═════ Study material

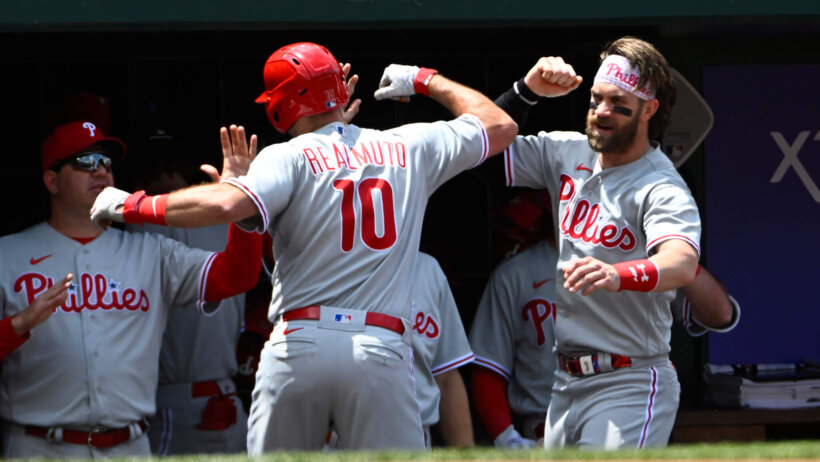 Philadelphia Phillies players celebrate a home run in the dugout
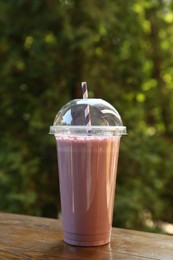 Photo of Tasty milkshake in plastic cup on wooden table outdoors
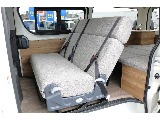 車内をウッド調インテリアで統一したキャンピングカーで 対面、フルフラットも可能♪
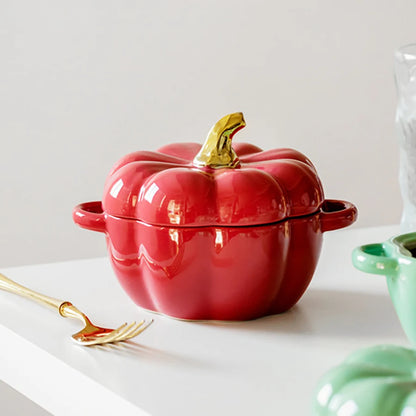 Red pumpkin-shaped cookware with a gold lid knob on a white surface.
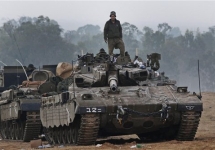 Израильский танк у границы сектора Газы. Фото: AP Photo/Lefteris Pitarakis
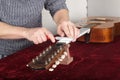 Guitar repair and service - Worker to sharpen the special tool g Royalty Free Stock Photo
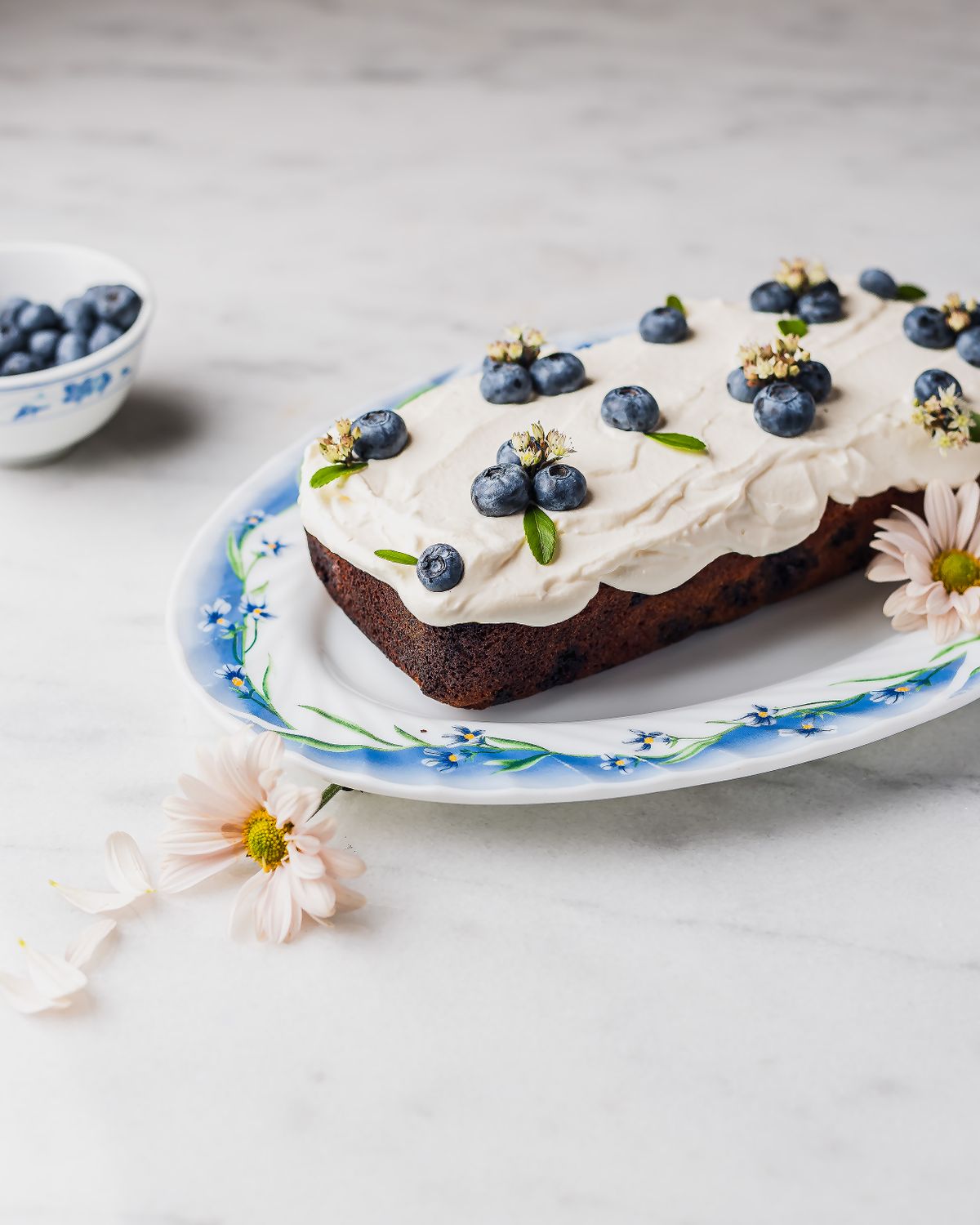 Delicious blueberry cake topped with cream frosting and flowers, set on a floral plate.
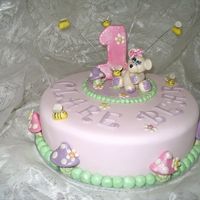 Clare Bear's First Birthday first birthday cake for our friends little girl, her pet name is clare bear so i wanted to use this as a theme for her cake. choc mud cake...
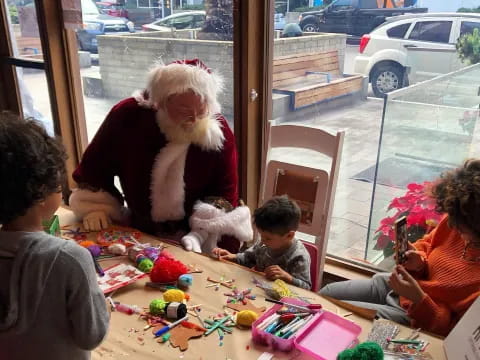 a person and children sitting at a table with a santa claus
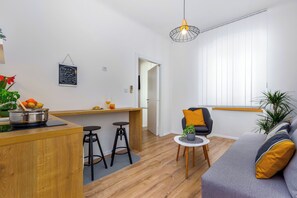 Appartement Deluxe, 1 grand lit et 1 canapé-lit, non-fumeur, coin cuisine | Coin séjour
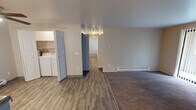 Located in Kent, Washington, this single-floor unit at 11034 SE 240th Pl offers a well-organized layout designed for comfortable everyday living. The open-concept living and dining area combines plush carpeting with wood-look vinyl flooring, creating a clear visual distinction between functional zones. A tile-surround fireplace serves as a focal point in the living area, which also features a sliding glass door that invites natural light and provides outdoor access. Baseboard heating is present throughout, ensuring consistent warmth across all rooms.

The kitchen is efficiently designed with white cabinetry extending to the upper walls for ample storage, light-toned countertops, and white appliances including a refrigerator, electric range, and under-cabinet range hood. A peninsula counter separates the kitchen from the main living space, adding a practical workspace. A dedicated laundry area with side-by-side washer and dryer units adds notable convenience.

The bedrooms are carpeted and receive natural light through windows fitted with vertical blinds, each equipped with baseboard heaters. The bathroom features wood-look vinyl flooring, a vanity with countertop storage, and a separate water closet for added privacy.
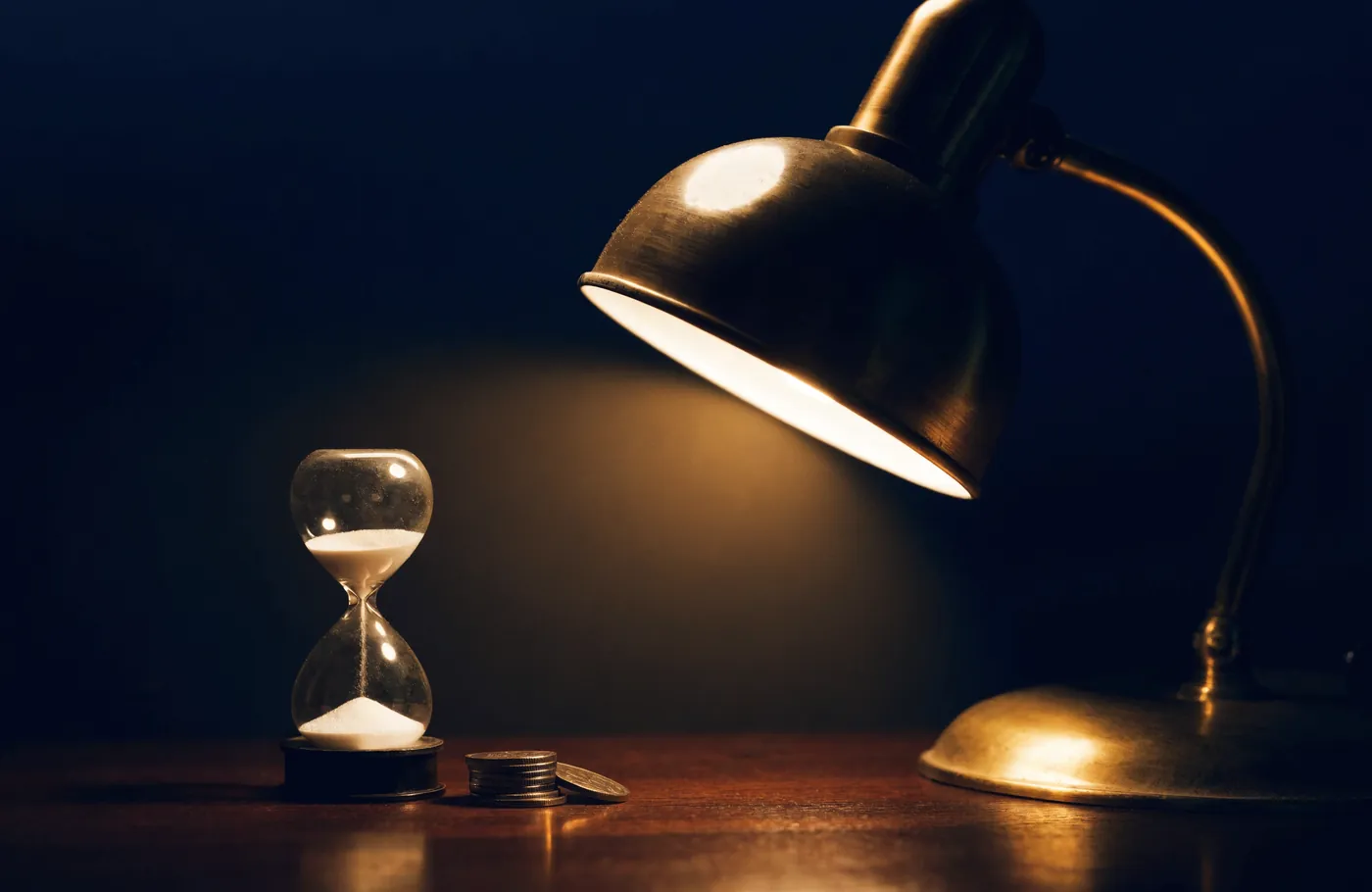 An hourglass beside stacked coins under a desk lamp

══════════

**Exercise aim:** Leaving each picture behind, please give again exactly the lines above from the one with "Photo of Tasty" through the one with "Clare Bear's First", both included, and no others.

**Answer box:**
 Photo of Tasty milkshake in plastic cup on wooden table outdoors
 車内をウッド調インテリアで統一したキャンピングカーで 対面、フルフラットも可能♪
 Red pumpkin-shaped cookware with a gold lid knob on a white surface.
 Израильский танк у границы сектора Газы. Фото: AP Photo/Lefteris Pitarakis
 Guitar repair and service - Worker to sharpen the special tool g Royalty Free Stock Photo
 Delicious blueberry cake topped with cream frosting and flowers, set on a floral plate.
 Clare Bear's First Birthday first birthday cake for our friends little girl, her pet name is clare bear so i wanted to use this as a theme for her cake. choc mud cake...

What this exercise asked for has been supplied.